What is the difference between a shareholder of record and a beneficial owner of shares held in street name?

 

Shareholder of record    Beneficial owner of shares held in street name
If your shares were registered directly in your name with one of Signet’s registrars (American Stock Transfer & Trust Company for US shareholders, and Link Asset Services for UK and other non-US shareholders) on the record date, you are considered the shareholder of record for those shares.    If your shares were registered with a broker, bank or other nominee on the record date, you are considered a beneficial owner of shares held in street name.
Signet’s Internet Notice or hard copy proxy materials will be provided directly to you.    Signet’s Internet Notice or hard copy proxy materials will be forwarded to you by that entity, which is considered the shareholder of record for those shares. Your broker, bank or other nominee will send you details on how to vote your shares, and you must follow their instructions to vote.

How can I attend the virtual Annual Meeting?

The Company has elected to hold the Annual Meeting virtually and be conducted exclusively by a live audio webcast.

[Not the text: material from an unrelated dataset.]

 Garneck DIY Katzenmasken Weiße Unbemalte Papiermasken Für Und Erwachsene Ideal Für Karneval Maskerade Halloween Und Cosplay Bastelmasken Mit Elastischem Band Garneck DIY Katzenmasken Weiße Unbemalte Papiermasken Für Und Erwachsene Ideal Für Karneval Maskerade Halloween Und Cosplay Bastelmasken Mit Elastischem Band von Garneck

If you are a shareholder of record as of the close of business on May 3, 2024, the record date for the Annual Meeting, you will be able to virtually attend the Annual Meeting, vote your shares and submit questions online during the meeting by visiting www.virtualshareholdermeeting.com/SIG2024. You will need to enter the 16-digit control number included on your notice, on your proxy card or on the instructions that accompanied your proxy materials.

If you are a beneficial owner holding your shares in street name as of the close of business on May 3, 2024, you may gain access to the meeting by following the instructions in the voting instruction card provided by your broker, bank or other nominee. You may not vote your shares electronically at the Annual Meeting unless you receive a valid proxy from your brokerage firm, bank, broker dealer or other nominee holder.

The online meeting will begin promptly at 11:30 a.m., Eastern time. We encourage you to access the meeting prior to the start time, and you should allow approximately 15 minutes for the online check-in procedures.

If you wish to submit a question for the Annual Meeting, you may do so in advance at www.virtualshareholdermeeting.com/SIG2024, or you may type it into the dialog box provided at any point during the virtual meeting (until the floor is closed to questions).

What can I do if I need technical assistance during the Annual Meeting?

If you encounter any difficulties accessing or participating in the virtual Annual Meeting webcast, please call the technical support number that will be posted on the virtual meeting website log-in page.

Why is the Company holding a virtual Annual Meeting?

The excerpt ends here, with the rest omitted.